SICUREZZA
Allarme bomba in Tribunale: nessun oggetto sospetto
Sospese le udienze a Milano e transennata la zona. Il Palazzo di Giustizia ha riaperto poco dopo le 17 al termine delle operazioni
Sono terminate dopo quasi sette ore le operazioni di bonifica al Tribunale di Milano dopo l'allarme bomba di questa mattina – venerdì 6 marzo – che ha tenuto impegnate le forze dell'ordine e i vigili del fuoco.
LA BONIFICA
La presenza di un presunto ordigno era stata segnalata stamani attraverso alcune chiamate anonime e non rivendicate alla Questura di Milano.
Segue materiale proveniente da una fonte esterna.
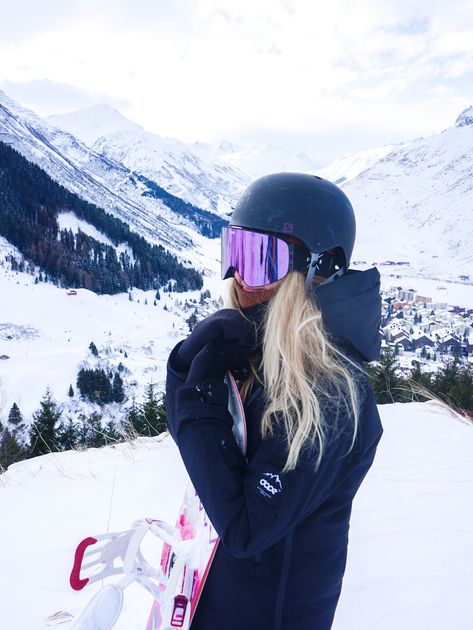 @sannioksanen Winter girl Outdoor, Winter Sports, Snowboards, Winter, Snowboard Girl, Snowboarding Outfit, Snowboarding Pictures, Snowboarding Style, Snowboarding Gear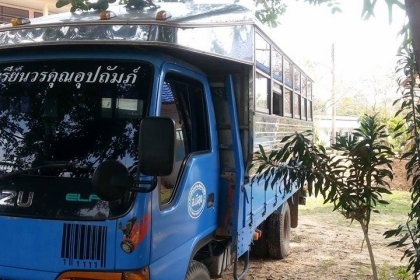 ขายรถรับส่งนักเรียน 6 ล้อ ELF กระจกไฟฟ้า มีเอร์ แคสชีสวยไม่ผุ100เปอร์เซน เครื่องดีแน่น มีเล่มพร้อมโอน(ราคานี้ไม่มีหลังคา)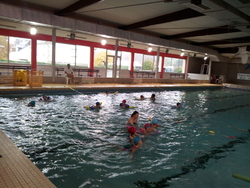 Activité piscine pour les élèves de cycle 2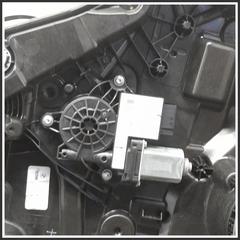 Immagine di Motorino alzacristallo porta Motorino alzacristallo posteriore destro | dx. | post.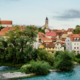 Kranj liegt mitten im Grünen, malerisch auf einem Felsen zwischen den Flüssen Save und Kokra.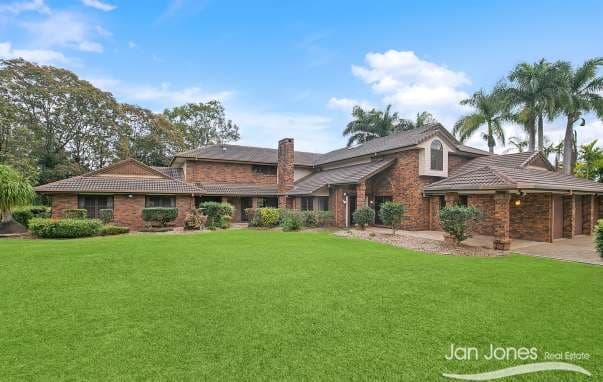 36 Shiraz Ch, Morayfield - Image 1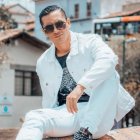 Toño Abril es originario de Cuenca, provincia del Azuay.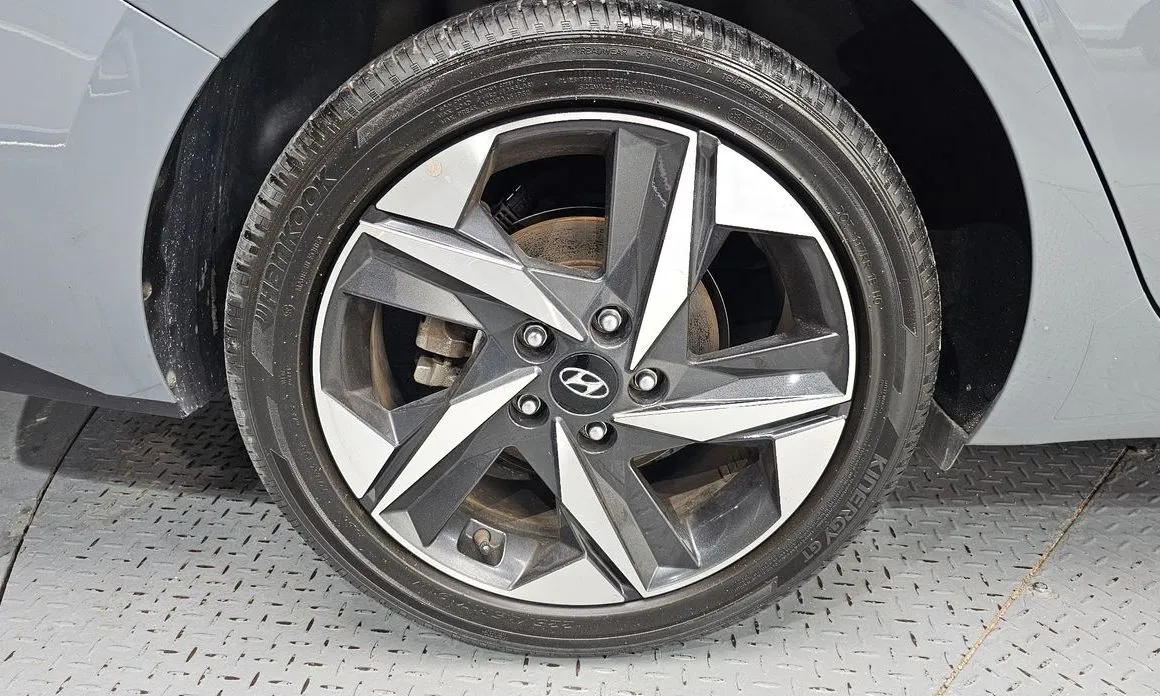 Hyundai AVANTE — фото 6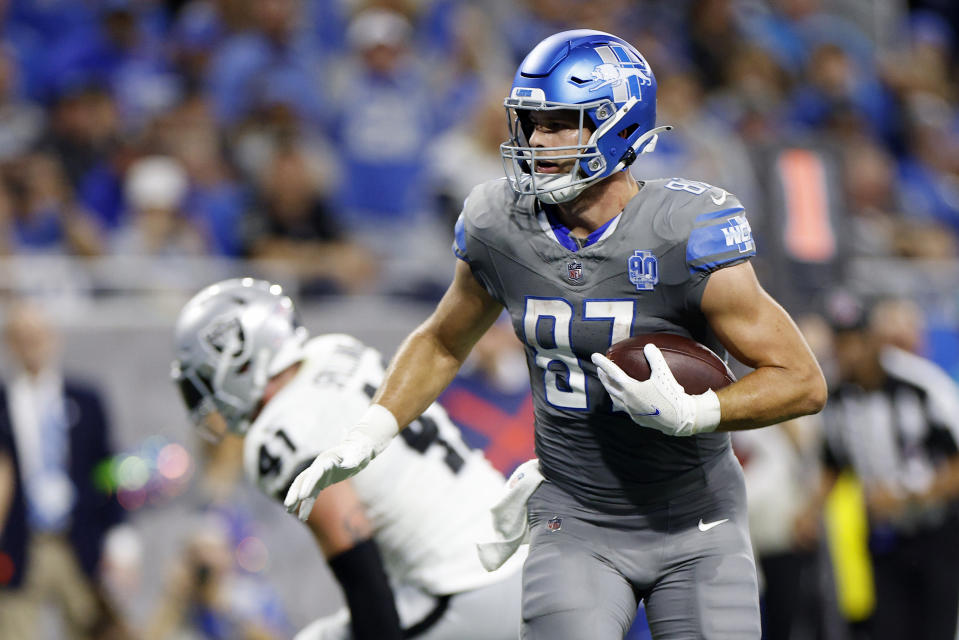 DETROIT, MICHIGAN – OCTOBER 30: Sam LaPorta #87 of the Detroit Lions scores a touchdown in the second quarter against the Las Vegas Raiders at Ford Field on October 30, 2023 in Detroit, Michigan. (Photo by Mike Mulholland/Getty Images)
Le operazioni di bonifica e gli accertamenti, eseguiti anche con l'ausilio dell’unità cinofila, non hanno rivelato oggetti sospetti né anomalie di sorta. Sono stati esaminati i sotterranei, le aree perimetrali ed esterne dell'intero edificio, la banca e la posta interna. Il Palazzo di Giustizia – Corte d’Appello anche per i tribunali di Varese e Busto Arsizio –, evacuato attorno alle 10, ha riaperto al pubblico poco dopo le 17.
UDIENZE RINVIATE
Complice l’allarme bomba, tutte le udienze sono state rinviate. Una curiosità: per tre persone non è stato possibile celebrare il rito direttissimo e così – per scadenza dei termini di convalida pari a 48 ore – è scattata la libertà.
ZONA BLINDATA
Gran parte del centro città è stato blindato. La zona adiacente al Teatro alla Scala è stata bloccata per l’arrivo del presidente della Repubblica Sergio Mattarella, ospite eccellente della festa per i 150 anni del Corriere della Sera.